FRIDAY THE 13TH, The Bonfires third show/gig for this leg--The Royal, Federal Hills, seven acts, including two high school bands from Gaithersburg MD--Crease and Payoff, who brought their parents and cousins and other relatives to watch them rock ("Take my breath away..." / "Oh my love, my darlin'...") The owner (a guy named Mark, who looked like Simon Cowell of American Idol) was very hopeful about a huge turnout for the night (based on our cool turnout precedents at Frazier's).
The City Paper had three cool mentions about The Bonfires show that week... We had a pretty within-minimum draw for the night, but I guess, we just expected too much. On a given night, it was fine--but the hype wasn’t cool, sometimes The Bonfires is so hyped up that I felt like a superman-who-cant-lose-a-kryptonite, you know what I'm saying? What if it wasn’t The Bonfires organizing, what if it's just a three-act gig that's booked on random? I mean, a 50+ draw for the night was within-expectation, but when people hear that we had 200+ on two consecutive gigs/dates in a Hampden club, well, that's too stiff an act to follow (considering that it's our first gig at The Royal). Yes, I was silently frustrated with the turnout. Eric Pepa (Angie's dad) and Jimmy Almario supplied all my beers that night (so thankful about The Indie/Dale Hoffman's short review of Angie's EP) + a t-shirt and a 1/4 first-ad in the next Indie issue, so why am I sulking?
And yes, Darlyn Horgos was there again (it touched me so to see friends show up in almost all of my invites). However, more than half of the acts and their crowd were below age limit (to drink alcohol), so that's bad news to club business. So no matter how Eric and Jimmy, and Gino Inocentes and Marco Galsim, consumed more beers, the bar's ain’t gonna be happy. The door earned its beyond-$150 cut (but the club also gets 30% cut on top of that), so...

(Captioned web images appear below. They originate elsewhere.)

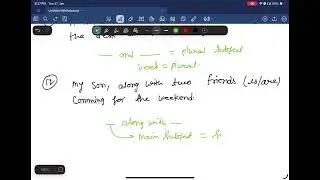 Day 4 ..English grammar ,,practice on subject verb agreement 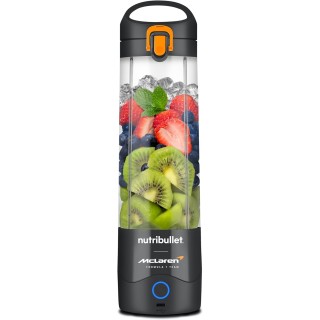 Blender portable NutriBullet x McLaren - Compact rechargeable USB-C gris métallisé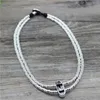 Anslow mode smycken vintage retro kristall pärlor uttalande kort krage halsband för kvinnor kvinnlig pärla charm diygift low0105an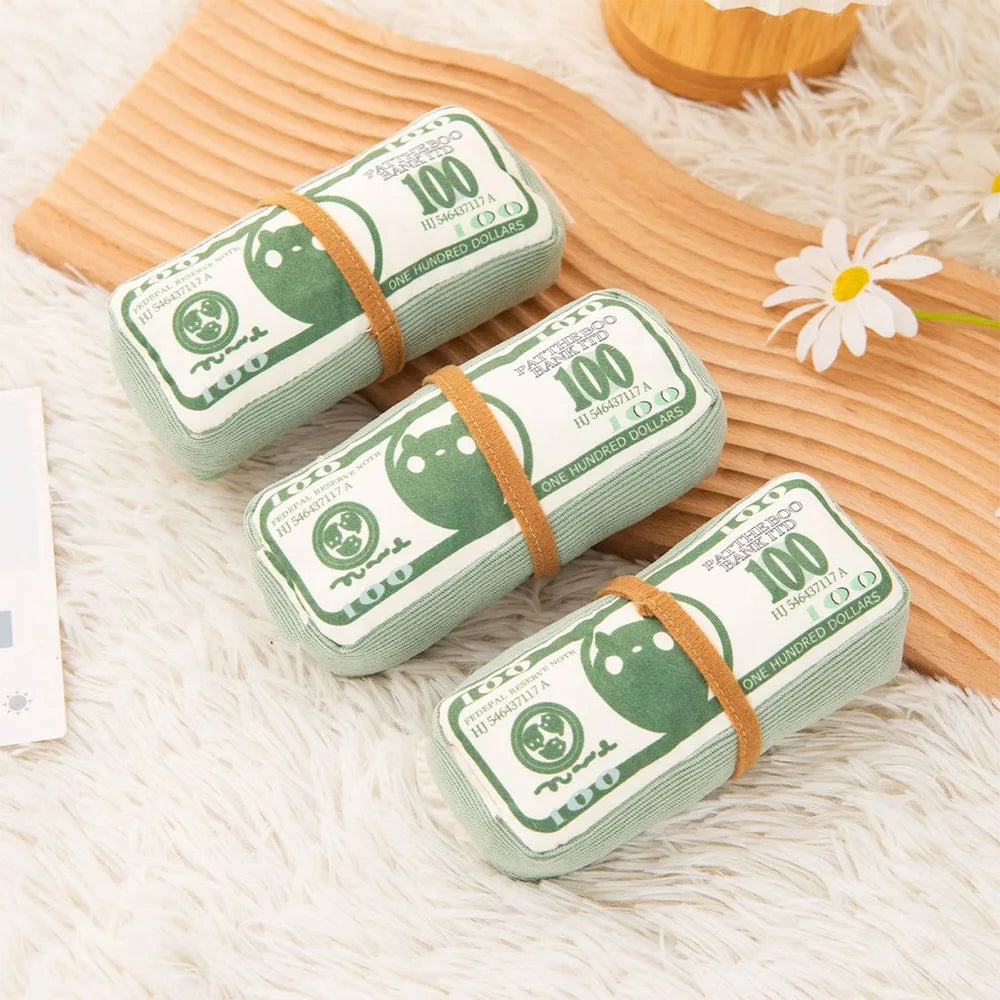 Dog Plush Toy - Money!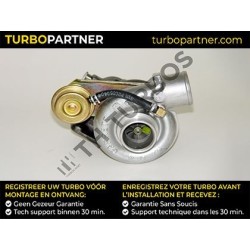 Turbo TURBO'S HOET 1100204 pour FIAT TEMPRA (159_) 1.9 TD (159.AQ) 80 CV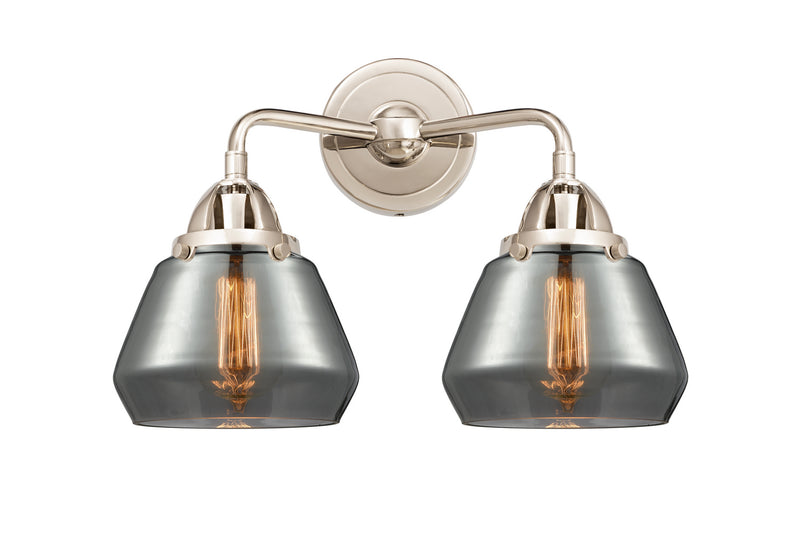 Innovations 288-2W-PN-G173 Two Light Bath Vanity, Polished Nickel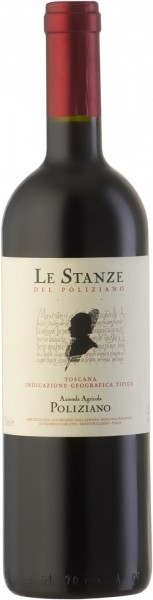 Вино "Le Stanze del Poliziano", Toscana IGT, 2013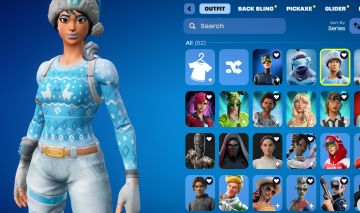 Fortnite conta tryhard com camp liberado
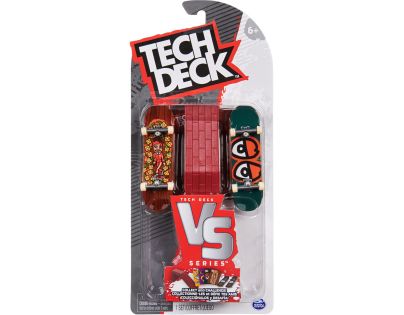 Tech Deck Fingerboard dvojbalenie s prekážkou Krooked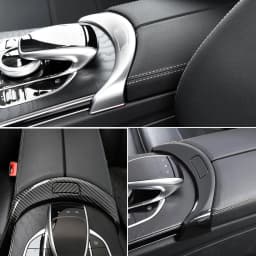 Console Armrest Button Central Storage Box Switch Cover For Mercedes Benz W205 W253 C Class GLC A2056803407 A2056803307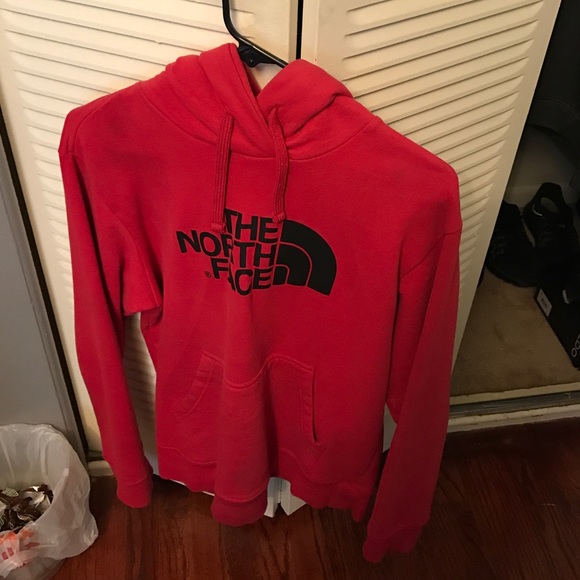 North face Mens size small fleece hoodie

FELLS POINT, THE 14TH. It was the Wydeye show, the last show on this leg. Rollickin’ beatboxer, Shodekeh, showed up. It was a rainy night... quite the ambiance that asks for intimate poetry, I guess. Dominic aka Shodekeh started it up, sort of.
Wydeye has a very cozy, comfy living-room feel, by the way. As usual, the two couch/seven-to-eight chairs were all occupied. Darlyn (I can call her Darlin', I guess, for always being present) read her "hometown/bedroom breezy" poetry straight from a neatly-collected journal... Johns Hopkins student Estella Ramirez, the other featured singer-songwriter strode in soaking wet, coming from a marquee rockfest featuring Coldplay and Foo Fighters.
Estella’s voice has a kneading, warm rawness to it, very warm... and yes, as she promised me, she sang "Cucurucucu Paloma." Nice, warm evening. There were three sets of couples, focusedly listening (one pair--the young woman sat by her boyfriend's lap)... Audrey was there, too, and another man that I usually see in Bonfires gigs in Baltimore—familiar faces, familiar moments…
As I walked back from Aliceanna Street all the way to Fleet Street towards Canton where Daniel's pad is located... I felt that the minor sadness of the previous night's gig at The Royal was over, it was just a night, it was over. And to culminate a satisfying evening, I felt quiet joy to know that Daniel's second-day of exhibition opening with friends Cinder Hypki and Naomi Sullivan was a huge success ("I didn’t expect it, I am overwhelmed!") The studio-gallery was filled with people, Daniel sold two paintings...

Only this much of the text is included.